Comprehensive Summary
Chen et. al completed a meta-analysis using data from 17 PubMed articles to determine factors that contribute to ChatGPT’s ability to accurately diagnose skin lesions. They completed statistical analysis using R, assessing data including the diagnosed dermatological condition, lesion’s classification, Fitzpatrick skin phototype, plus the ChatGPT model and its accession date. They found that ChatGPT’s diagnostic accuracy is about 70% less (p=0.01) when using visual data as compared to textual data. In addition, it was less accurate with darker skin tones. It also performed significantly worse (p=0.004) when using public data sets instead of private ones.
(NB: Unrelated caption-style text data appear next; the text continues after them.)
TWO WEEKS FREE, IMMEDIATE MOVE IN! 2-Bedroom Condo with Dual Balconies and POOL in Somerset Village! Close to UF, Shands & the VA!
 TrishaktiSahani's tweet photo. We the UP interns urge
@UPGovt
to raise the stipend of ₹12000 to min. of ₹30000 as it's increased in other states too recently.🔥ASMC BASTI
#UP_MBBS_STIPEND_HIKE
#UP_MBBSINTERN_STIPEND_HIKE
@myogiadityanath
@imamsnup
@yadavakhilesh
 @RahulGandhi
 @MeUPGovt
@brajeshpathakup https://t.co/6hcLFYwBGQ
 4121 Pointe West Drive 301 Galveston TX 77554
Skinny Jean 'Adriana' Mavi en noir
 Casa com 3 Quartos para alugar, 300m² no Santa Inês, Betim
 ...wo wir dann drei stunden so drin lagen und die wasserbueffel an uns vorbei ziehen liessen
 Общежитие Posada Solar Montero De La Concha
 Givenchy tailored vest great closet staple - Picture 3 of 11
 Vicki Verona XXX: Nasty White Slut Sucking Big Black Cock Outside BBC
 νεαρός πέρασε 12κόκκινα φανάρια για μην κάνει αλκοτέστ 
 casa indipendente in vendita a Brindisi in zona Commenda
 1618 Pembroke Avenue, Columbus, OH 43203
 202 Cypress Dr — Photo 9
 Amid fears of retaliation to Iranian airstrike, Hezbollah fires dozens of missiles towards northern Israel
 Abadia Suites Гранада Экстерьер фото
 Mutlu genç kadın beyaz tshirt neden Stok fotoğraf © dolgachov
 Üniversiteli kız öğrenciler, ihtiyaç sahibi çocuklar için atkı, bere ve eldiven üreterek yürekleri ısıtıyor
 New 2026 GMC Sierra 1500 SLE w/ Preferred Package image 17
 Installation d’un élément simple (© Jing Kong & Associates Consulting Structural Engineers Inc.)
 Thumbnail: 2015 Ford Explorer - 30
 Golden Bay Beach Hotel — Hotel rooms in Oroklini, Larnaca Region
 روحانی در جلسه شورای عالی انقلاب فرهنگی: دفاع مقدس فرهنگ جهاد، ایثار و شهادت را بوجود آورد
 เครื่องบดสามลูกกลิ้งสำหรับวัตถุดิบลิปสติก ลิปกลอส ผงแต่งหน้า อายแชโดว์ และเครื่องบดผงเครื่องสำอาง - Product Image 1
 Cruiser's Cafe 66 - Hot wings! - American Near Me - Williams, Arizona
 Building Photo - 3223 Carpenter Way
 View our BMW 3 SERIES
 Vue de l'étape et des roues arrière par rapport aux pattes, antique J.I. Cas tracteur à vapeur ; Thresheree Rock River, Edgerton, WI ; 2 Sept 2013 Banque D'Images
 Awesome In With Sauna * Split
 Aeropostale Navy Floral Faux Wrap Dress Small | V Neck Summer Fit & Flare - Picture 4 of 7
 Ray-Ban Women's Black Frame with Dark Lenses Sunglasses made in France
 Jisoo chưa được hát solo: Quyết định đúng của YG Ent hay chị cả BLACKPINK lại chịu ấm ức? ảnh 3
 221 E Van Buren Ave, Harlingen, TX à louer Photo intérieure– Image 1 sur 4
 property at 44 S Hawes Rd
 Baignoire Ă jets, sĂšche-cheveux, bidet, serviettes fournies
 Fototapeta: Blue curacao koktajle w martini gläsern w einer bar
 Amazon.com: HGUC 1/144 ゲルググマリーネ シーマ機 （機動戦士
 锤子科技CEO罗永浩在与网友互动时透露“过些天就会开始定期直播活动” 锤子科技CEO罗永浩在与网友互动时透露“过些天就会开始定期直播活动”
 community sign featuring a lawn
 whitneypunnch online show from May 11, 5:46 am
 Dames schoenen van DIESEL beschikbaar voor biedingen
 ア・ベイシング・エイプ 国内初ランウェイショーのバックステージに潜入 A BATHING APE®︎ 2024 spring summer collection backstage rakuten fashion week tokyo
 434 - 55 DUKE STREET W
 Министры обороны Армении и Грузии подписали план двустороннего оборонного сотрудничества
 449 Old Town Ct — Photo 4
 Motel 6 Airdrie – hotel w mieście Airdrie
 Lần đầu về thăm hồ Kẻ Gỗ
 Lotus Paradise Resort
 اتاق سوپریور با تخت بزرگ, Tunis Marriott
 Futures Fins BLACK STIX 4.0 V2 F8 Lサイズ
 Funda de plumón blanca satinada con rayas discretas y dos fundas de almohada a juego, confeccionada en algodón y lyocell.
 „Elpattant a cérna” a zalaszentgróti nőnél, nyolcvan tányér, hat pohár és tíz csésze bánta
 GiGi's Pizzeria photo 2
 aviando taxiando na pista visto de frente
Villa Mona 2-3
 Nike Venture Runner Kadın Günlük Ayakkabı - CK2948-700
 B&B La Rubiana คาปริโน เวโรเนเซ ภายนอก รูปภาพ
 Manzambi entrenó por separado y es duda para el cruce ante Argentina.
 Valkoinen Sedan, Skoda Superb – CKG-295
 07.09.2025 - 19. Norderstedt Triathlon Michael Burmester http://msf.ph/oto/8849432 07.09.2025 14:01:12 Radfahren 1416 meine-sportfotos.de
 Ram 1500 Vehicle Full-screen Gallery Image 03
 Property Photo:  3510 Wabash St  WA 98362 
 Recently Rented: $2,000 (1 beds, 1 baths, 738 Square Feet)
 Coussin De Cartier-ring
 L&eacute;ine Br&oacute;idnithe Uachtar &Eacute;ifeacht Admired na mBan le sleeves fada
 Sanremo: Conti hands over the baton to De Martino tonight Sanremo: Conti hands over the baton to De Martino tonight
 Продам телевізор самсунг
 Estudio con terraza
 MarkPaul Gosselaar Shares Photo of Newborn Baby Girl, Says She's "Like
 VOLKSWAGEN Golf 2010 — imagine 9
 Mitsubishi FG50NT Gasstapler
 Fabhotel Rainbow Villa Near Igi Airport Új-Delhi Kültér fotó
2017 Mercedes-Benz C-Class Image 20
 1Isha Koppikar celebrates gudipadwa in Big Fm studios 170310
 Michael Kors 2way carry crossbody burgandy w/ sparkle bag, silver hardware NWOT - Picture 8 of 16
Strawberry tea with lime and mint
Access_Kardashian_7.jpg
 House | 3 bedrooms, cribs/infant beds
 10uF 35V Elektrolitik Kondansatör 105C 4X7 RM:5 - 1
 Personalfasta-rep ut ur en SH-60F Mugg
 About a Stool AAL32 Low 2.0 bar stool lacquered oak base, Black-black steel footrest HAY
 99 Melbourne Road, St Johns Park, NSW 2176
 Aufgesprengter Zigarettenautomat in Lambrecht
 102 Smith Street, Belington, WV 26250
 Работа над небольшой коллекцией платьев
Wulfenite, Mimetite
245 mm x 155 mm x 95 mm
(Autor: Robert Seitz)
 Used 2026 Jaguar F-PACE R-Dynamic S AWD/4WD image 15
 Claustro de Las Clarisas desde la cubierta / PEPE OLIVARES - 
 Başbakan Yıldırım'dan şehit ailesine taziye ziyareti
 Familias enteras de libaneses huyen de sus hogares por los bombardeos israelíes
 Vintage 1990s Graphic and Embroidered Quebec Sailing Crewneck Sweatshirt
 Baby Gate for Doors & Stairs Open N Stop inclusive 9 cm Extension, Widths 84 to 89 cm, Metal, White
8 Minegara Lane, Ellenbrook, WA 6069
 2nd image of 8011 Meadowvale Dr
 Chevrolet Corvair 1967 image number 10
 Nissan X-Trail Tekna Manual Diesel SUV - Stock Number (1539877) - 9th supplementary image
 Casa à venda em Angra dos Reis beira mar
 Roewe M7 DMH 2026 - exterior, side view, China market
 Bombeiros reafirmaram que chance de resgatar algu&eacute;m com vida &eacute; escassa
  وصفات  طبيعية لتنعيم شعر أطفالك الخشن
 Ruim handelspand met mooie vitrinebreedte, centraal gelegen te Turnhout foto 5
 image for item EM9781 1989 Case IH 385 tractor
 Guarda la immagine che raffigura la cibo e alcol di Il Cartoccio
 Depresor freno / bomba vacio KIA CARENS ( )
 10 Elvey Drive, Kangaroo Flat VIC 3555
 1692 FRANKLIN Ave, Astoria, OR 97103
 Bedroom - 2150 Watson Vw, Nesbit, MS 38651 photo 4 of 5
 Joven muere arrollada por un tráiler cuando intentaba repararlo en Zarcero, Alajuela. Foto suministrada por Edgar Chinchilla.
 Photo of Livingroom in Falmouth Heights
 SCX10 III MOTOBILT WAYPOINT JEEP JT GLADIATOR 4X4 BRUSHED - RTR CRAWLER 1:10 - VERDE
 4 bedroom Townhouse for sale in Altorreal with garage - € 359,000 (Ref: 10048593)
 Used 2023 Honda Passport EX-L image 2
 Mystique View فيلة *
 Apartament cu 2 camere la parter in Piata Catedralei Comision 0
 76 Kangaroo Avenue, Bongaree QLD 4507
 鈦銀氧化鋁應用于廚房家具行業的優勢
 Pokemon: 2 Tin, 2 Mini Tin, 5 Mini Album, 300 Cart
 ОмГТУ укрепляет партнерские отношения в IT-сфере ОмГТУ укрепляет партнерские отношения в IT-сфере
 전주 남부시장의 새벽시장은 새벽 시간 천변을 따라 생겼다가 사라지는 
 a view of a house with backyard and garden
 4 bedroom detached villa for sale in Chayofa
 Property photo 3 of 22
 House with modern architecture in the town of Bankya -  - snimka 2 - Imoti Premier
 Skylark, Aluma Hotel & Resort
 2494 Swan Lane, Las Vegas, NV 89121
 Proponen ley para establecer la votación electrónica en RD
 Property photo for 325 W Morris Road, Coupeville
Finally, diagnostic accuracy increased almost four times per year (p=0.003). Chen et. al say this study’s conclusions are hard to generalize given the significant diversity of the data.
Outcomes and Implications
AI is starting to be incorporated into more diagnostic tools, particularly in distinguishing benign and malignant lesions. As such, it is critical to test its reliability in clinical settings. Although the results of this study are not widely generalizable, they do support the notion that ChatGPT cannot be used as an independent diagnostic tool. Chen et. al mention the algorithm must be refined and more inclusive data sets must be used to address gaps in performance before clinicians can attempt to move forward with using ChatGPT in clinical practice.